%%

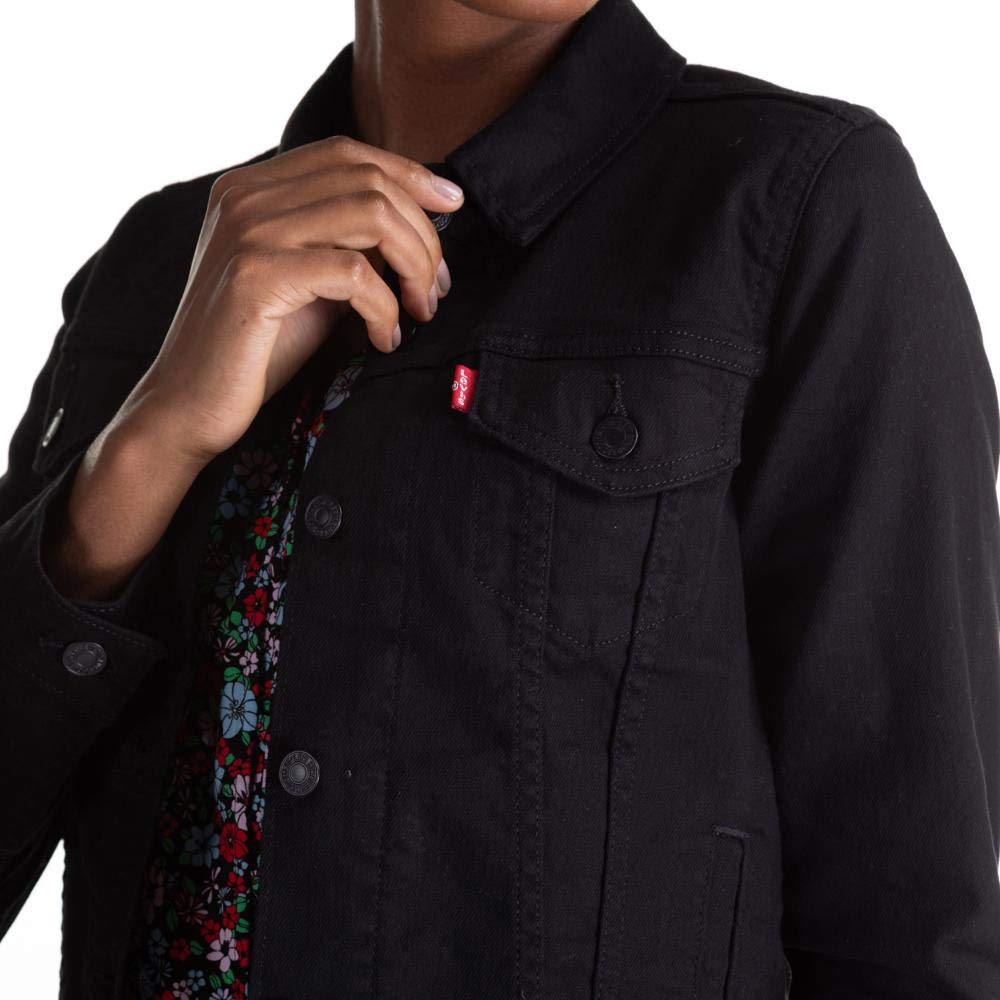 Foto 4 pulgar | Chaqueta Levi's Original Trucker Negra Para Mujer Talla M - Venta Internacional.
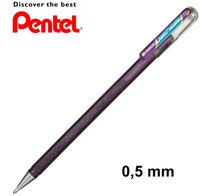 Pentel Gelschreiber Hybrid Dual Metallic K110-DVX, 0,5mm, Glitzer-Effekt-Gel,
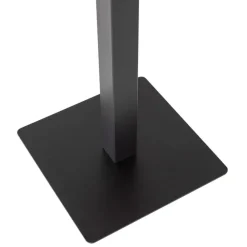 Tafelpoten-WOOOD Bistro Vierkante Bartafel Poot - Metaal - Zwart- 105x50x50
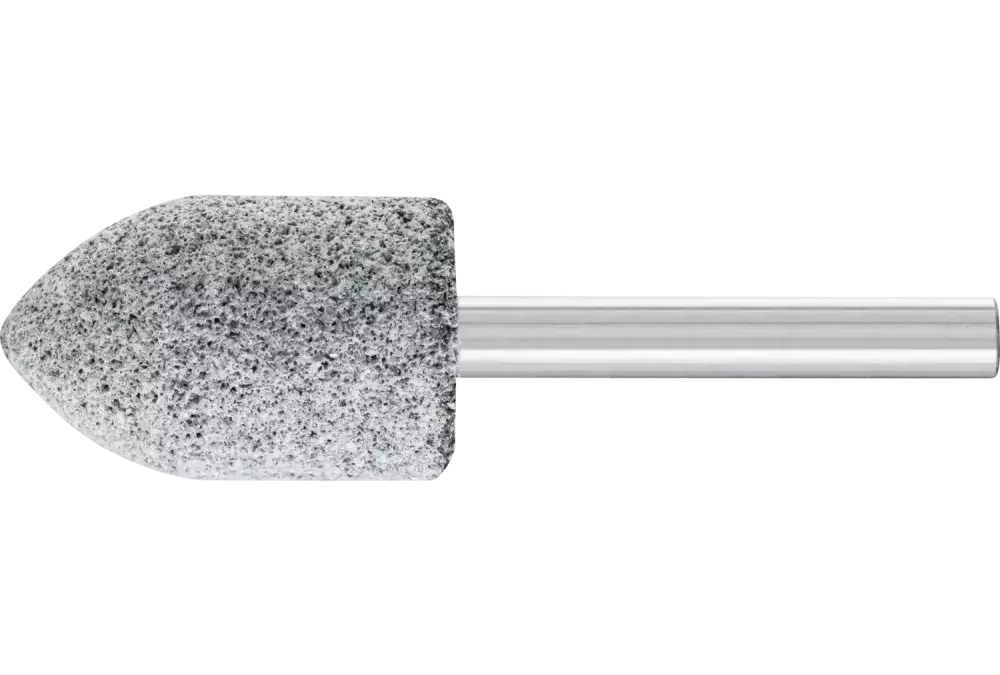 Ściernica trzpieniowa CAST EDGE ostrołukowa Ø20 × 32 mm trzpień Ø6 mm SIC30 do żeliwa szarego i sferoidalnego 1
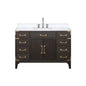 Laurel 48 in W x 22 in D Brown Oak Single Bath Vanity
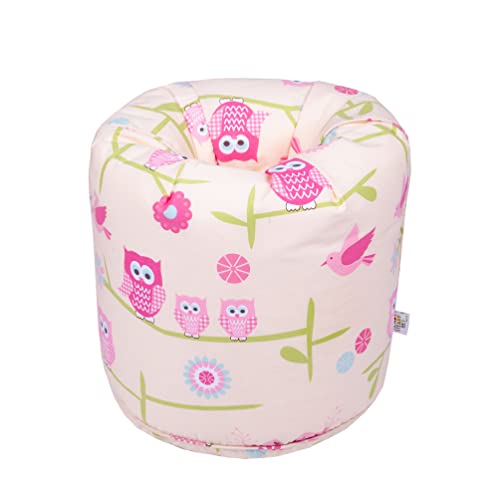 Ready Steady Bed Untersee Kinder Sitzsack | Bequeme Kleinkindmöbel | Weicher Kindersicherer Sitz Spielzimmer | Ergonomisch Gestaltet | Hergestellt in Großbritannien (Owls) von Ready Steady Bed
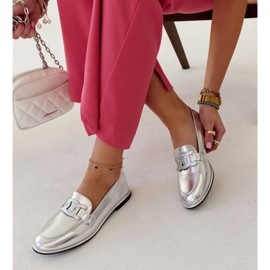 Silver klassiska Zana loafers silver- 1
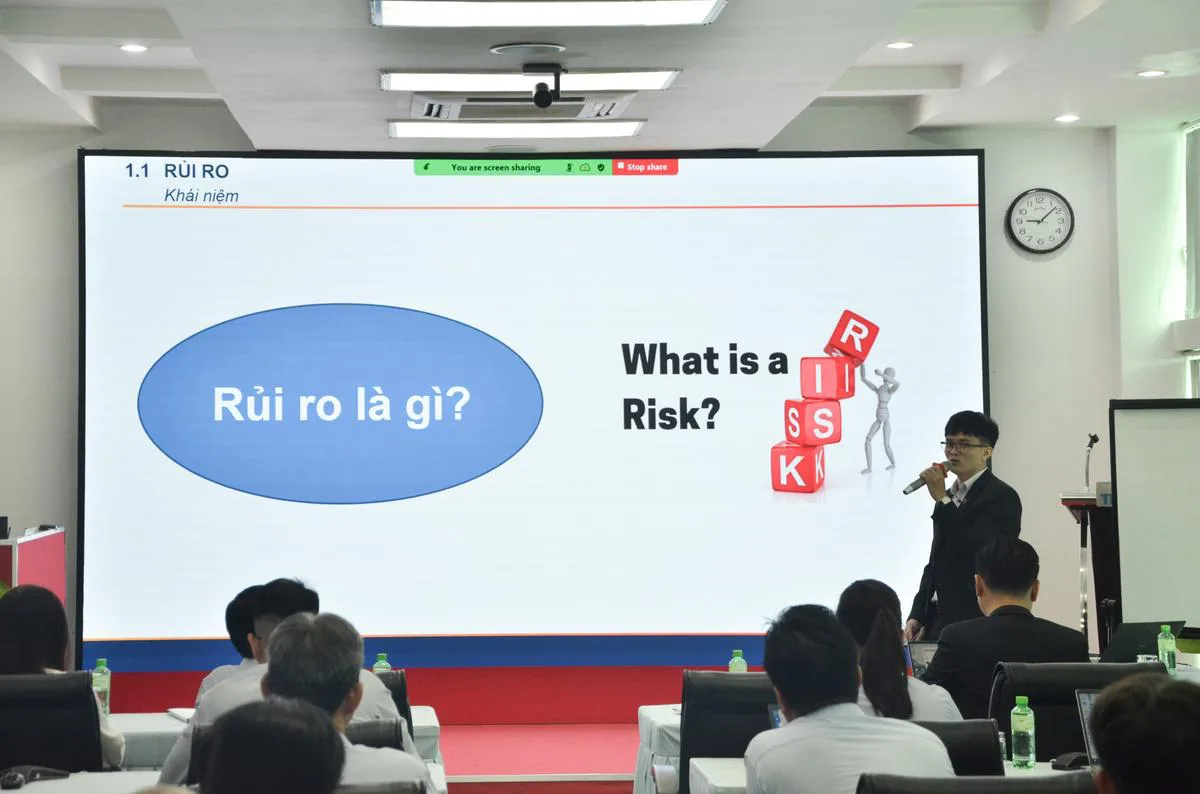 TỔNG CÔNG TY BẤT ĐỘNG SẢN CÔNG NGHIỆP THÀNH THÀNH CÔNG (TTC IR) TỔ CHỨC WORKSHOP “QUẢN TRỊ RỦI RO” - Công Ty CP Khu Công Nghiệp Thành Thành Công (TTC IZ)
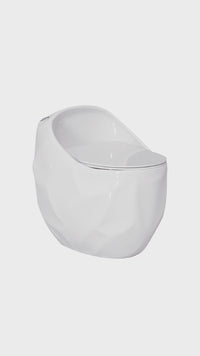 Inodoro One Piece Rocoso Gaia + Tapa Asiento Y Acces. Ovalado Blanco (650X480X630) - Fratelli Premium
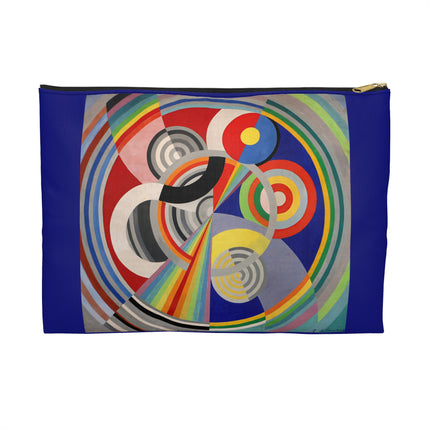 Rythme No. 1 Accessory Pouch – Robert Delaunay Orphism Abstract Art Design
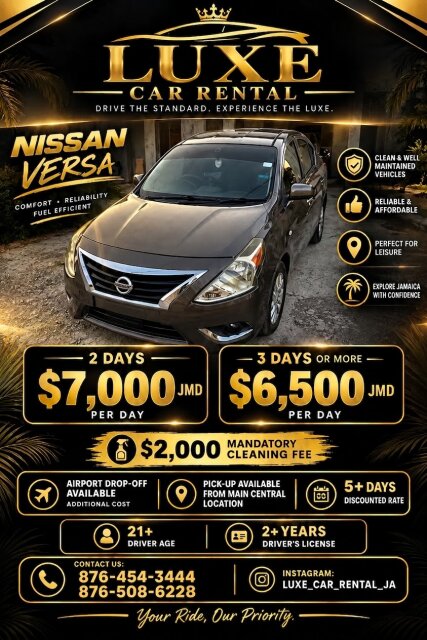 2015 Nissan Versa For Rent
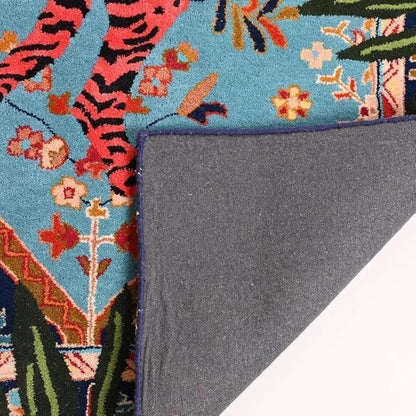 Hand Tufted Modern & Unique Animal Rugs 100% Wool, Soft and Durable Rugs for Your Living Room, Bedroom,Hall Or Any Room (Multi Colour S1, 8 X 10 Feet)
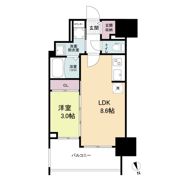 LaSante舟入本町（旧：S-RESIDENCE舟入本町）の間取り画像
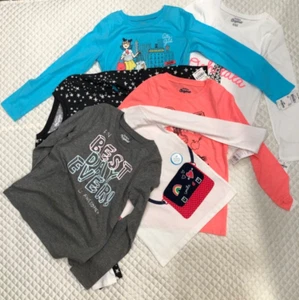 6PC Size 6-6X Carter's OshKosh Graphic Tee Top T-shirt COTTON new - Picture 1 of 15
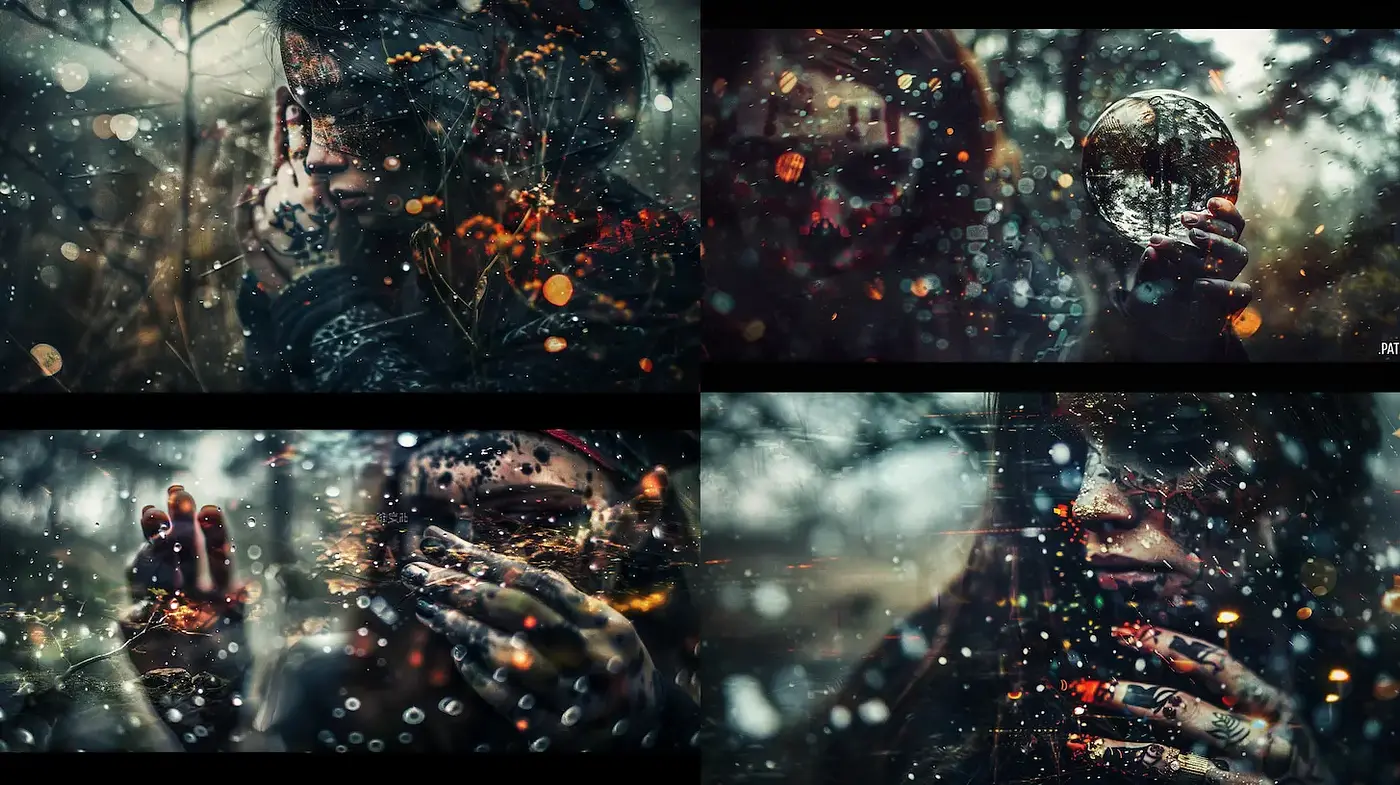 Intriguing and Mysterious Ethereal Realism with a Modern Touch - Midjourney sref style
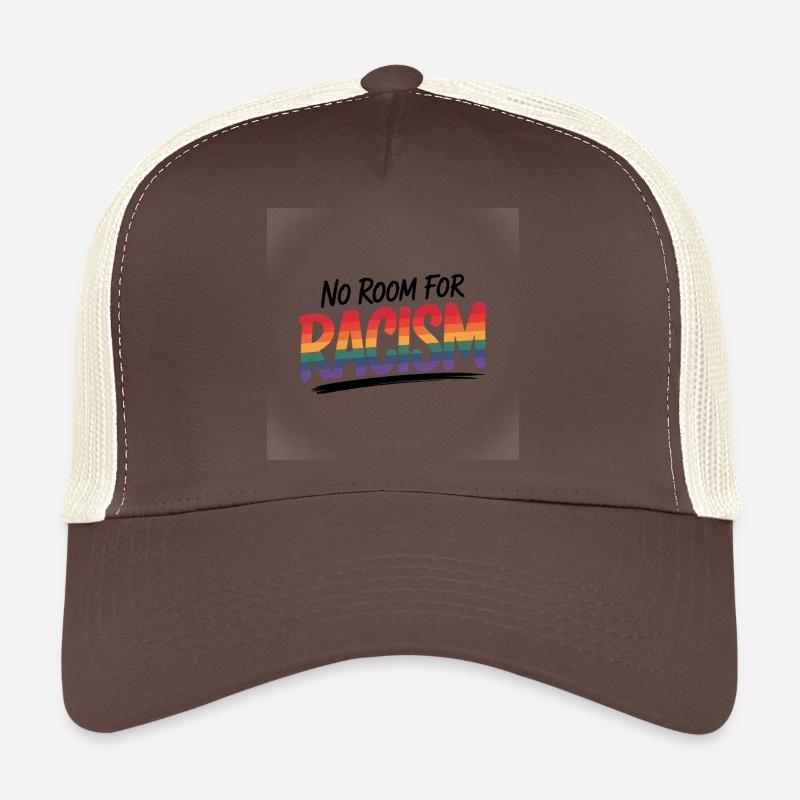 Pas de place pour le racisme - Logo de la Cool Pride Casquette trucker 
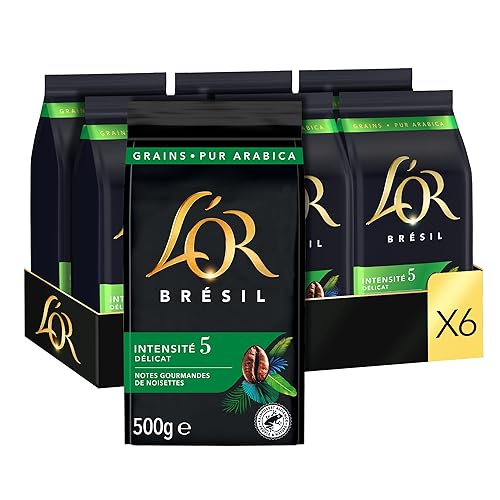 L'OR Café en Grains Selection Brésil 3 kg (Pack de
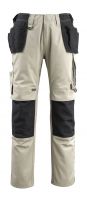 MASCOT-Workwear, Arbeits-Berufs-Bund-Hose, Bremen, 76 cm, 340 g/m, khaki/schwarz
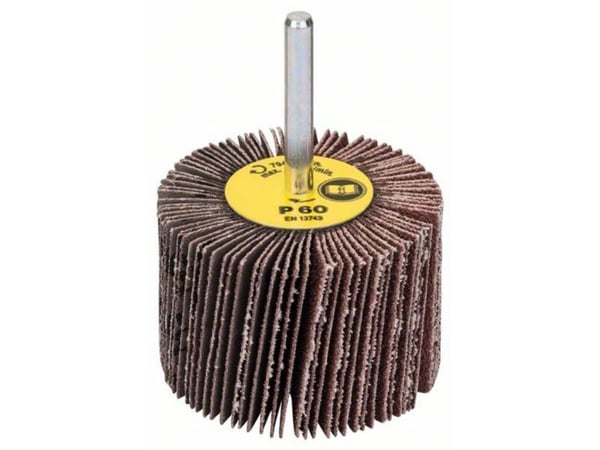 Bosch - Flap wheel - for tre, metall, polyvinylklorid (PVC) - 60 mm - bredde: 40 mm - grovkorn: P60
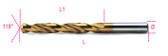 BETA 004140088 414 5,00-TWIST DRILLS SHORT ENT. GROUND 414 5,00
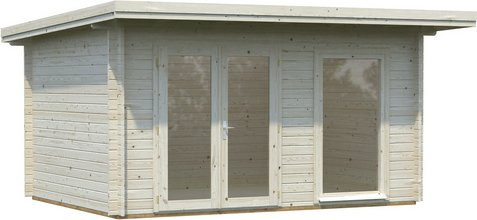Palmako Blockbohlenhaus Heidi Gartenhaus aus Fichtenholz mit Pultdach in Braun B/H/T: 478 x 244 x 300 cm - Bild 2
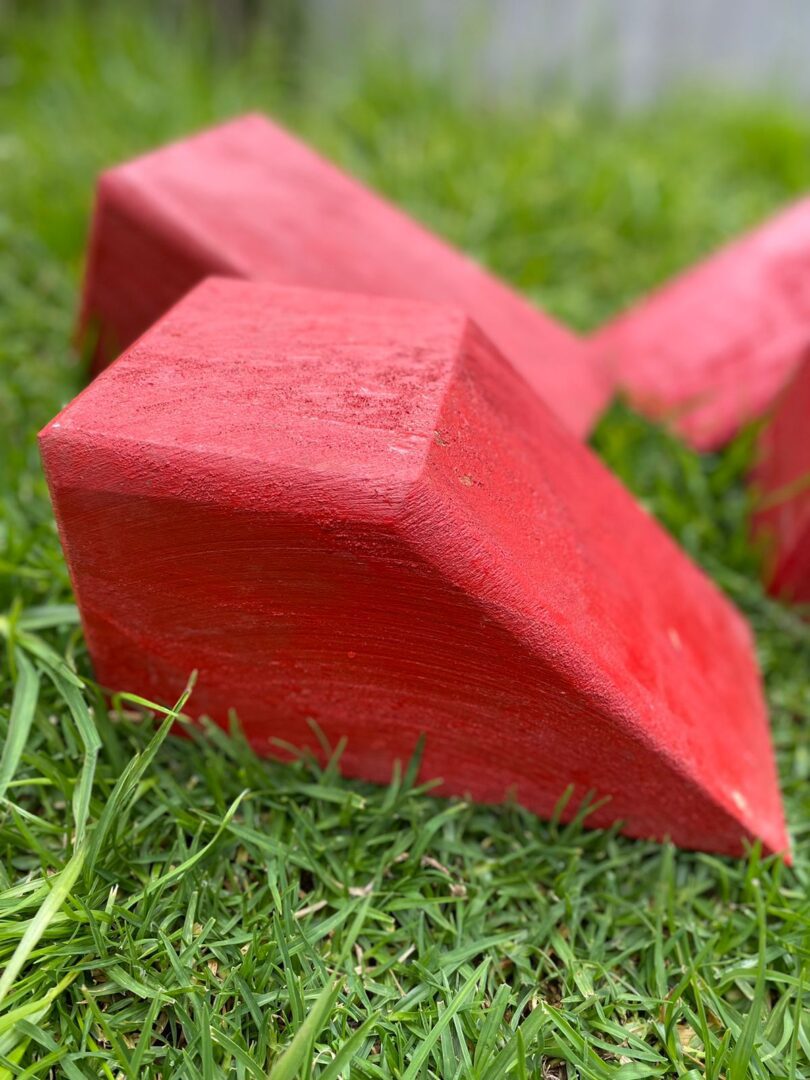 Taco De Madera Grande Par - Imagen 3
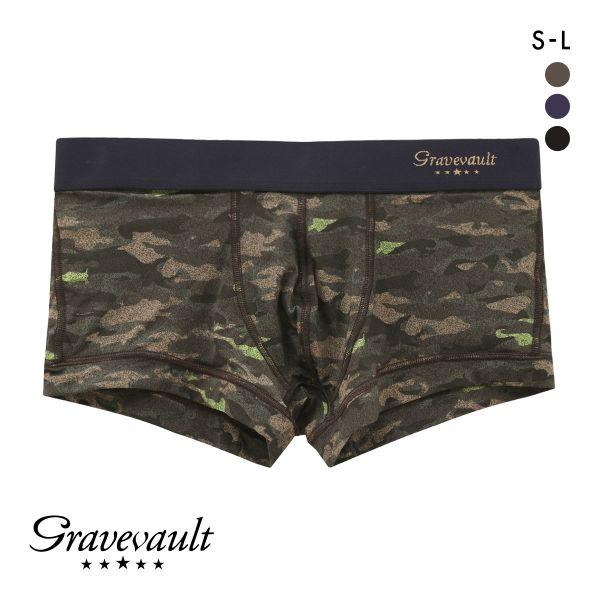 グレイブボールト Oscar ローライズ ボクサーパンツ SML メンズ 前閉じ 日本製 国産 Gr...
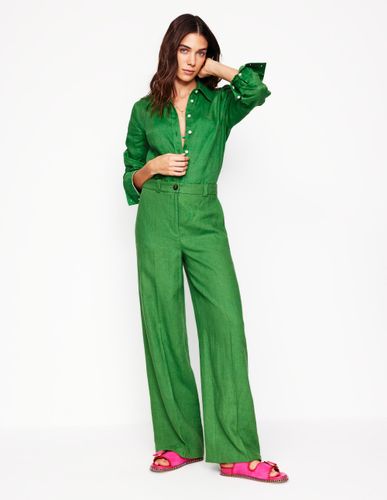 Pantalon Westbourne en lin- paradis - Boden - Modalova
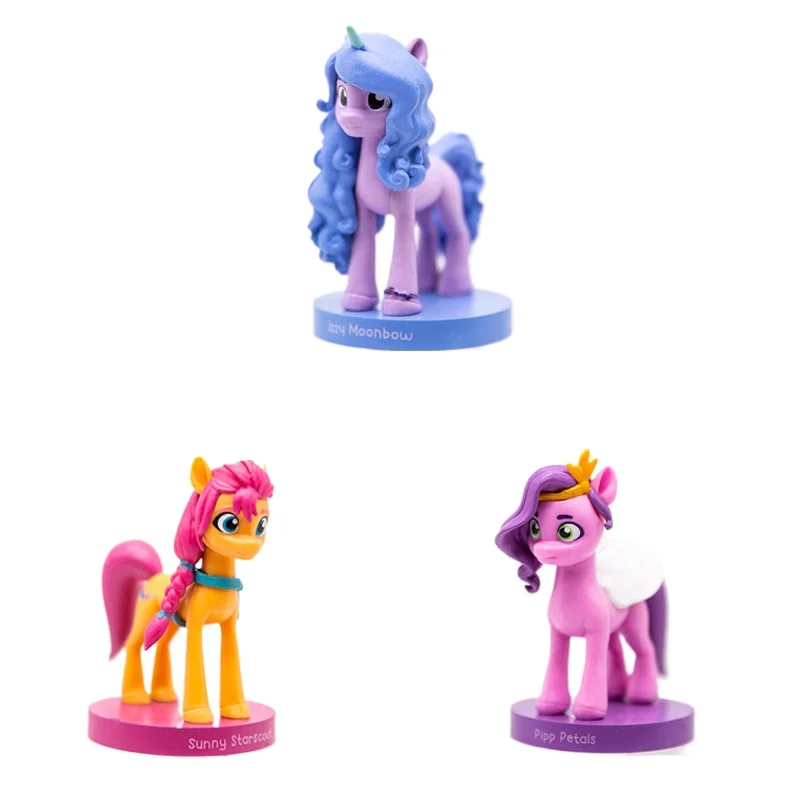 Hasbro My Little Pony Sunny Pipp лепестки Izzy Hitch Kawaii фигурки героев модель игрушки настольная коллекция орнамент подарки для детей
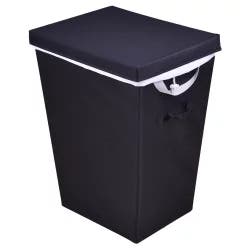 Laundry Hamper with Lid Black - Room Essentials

%%

### Task to carry out
In the listing above, find the line containing "MASCOT-Workwear, Arbeits-Berufs-Bund-Hose, Bremen, 76" and the line containing "BETA 004140088 414", then write out both of them and every line between, exactly, with no pictures.

### Task output
 MASCOT-Workwear, Arbeits-Berufs-Bund-Hose, Bremen, 76 cm, 340 g/m, khaki/schwarz
 Bosch - Flap wheel - for tre, metall, polyvinylklorid (PVC) - 60 mm - bredde: 40 mm - grovkorn: P60
 BETA 004140088 414 5,00-TWIST DRILLS SHORT ENT. GROUND 414 5,00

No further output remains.